U.S. interests were also glowing at the prospect of having free trade -- and U.S-friendly Fox in office. From the start, Fox showed himself to be a proponent of free trade pushing for the proposed Free Trade Area of the Americas (FTAA) agreement and the Plan Puebla Panama (PPP) trade corridor.
Fox played up his macho Mexican image during the election, but his training for the presidency didn't come on a ranch; it came plotting the success of a sugary brown soft drink, earning him the nickname, "Coca-Cola Kid."
Fox became an executive at Coca-Cola de Mexico after graduating with a business degree from Mexico's Universidad Iberamericana in 1964. He stayed with the company for 15 years.
In a 1999 New York Times interview, Fox said, "Working at Coca-Cola was my second university education. I learned that the heart of a business is out in the field, not in the office. I learned strategy, marketing, financial management, optimization of resources. I learned not to accept anything but winning."
Refreshment or Religion?
And Coke certainly has been winning its battle for the mouths and hearts of Latin America, as well as North America, Asia and basically the entire world.
Christmas time in Ecuador, a heavily Catholic nation, finds the cities and campos of the country awash in nativity scenes and sparkling lights. But even more than traditional Christmas decorations, Christmas in Ecuador means Coca-Cola.
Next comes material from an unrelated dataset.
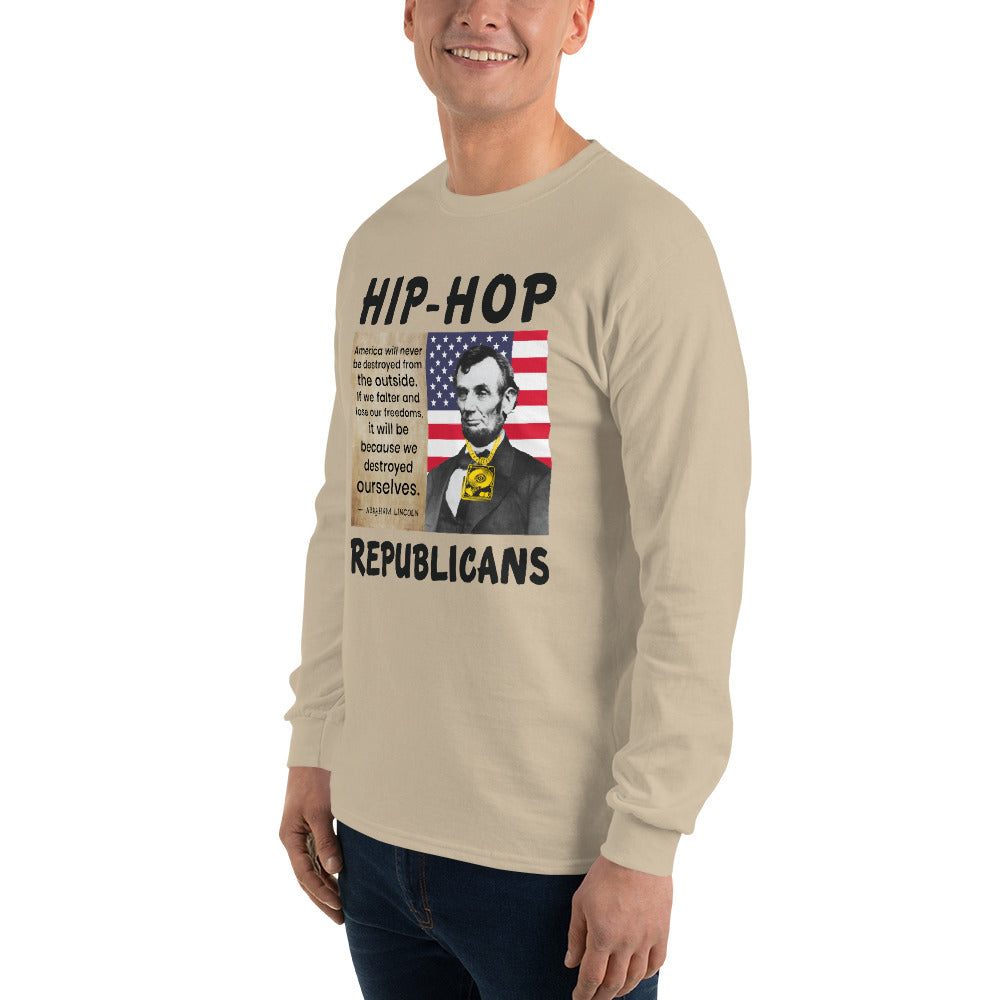 Abraham Lincoln Hip-Hop Republicans Long Sleeve Shirt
El Malecon 2000, the beautiful new "millennium park" in the city of Guayaquil, sports a huge Christmas tree covered in oversize Coke bottle caps, next to a larger than life diorama of the famous Coca-Cola polar bear. Nearby a full size model cabin shows a homey scene complete with Coca-Cola curtains in the windows, posters of Coca-Cola on the walls and of course bottles of Coke on the table and in the refrigerator. In upscale malls in the city, the department store Santas are decked out in Coca-Cola regalia.
All the Coca-Cola/Christmas synergy is appropriate, because Coca-Cola could truly be called the second religion of much of Latin America.
Sentimental Coke T.V. ads showing people in remote areas all over the world happily guzzling the sweet brown beverage are not far from the truth -- from the remote jungle areas of Chiapas, Mexico to the Andean slopes of Ecuador; from the tiny thatch-roofed roadside towns of Bolivia and Peru to the sparkling major metropolises of Chile and Argentina, Coke is all over Latin America. Not only the beverage itself, but an infinite number of ads that blanket everything from billboards to shacks to government buildings to the concrete walls along mountain roadways.
While the ads essentially claim that opening a bottle of Coke is like an instant recipe for joy and community, Coke has had a far from beneficial effect on Latin America. For starters, Coke is very expensive for the average wage earner in most Latin American countries. Whether in Mexico, Ecuador or Honduras, a one-serving bottle will often cost between 40 and 70 cents, while the average worker only makes $5 a day or less.
Nonetheless, average daily consumption in most of Latin America is close to one serving a day.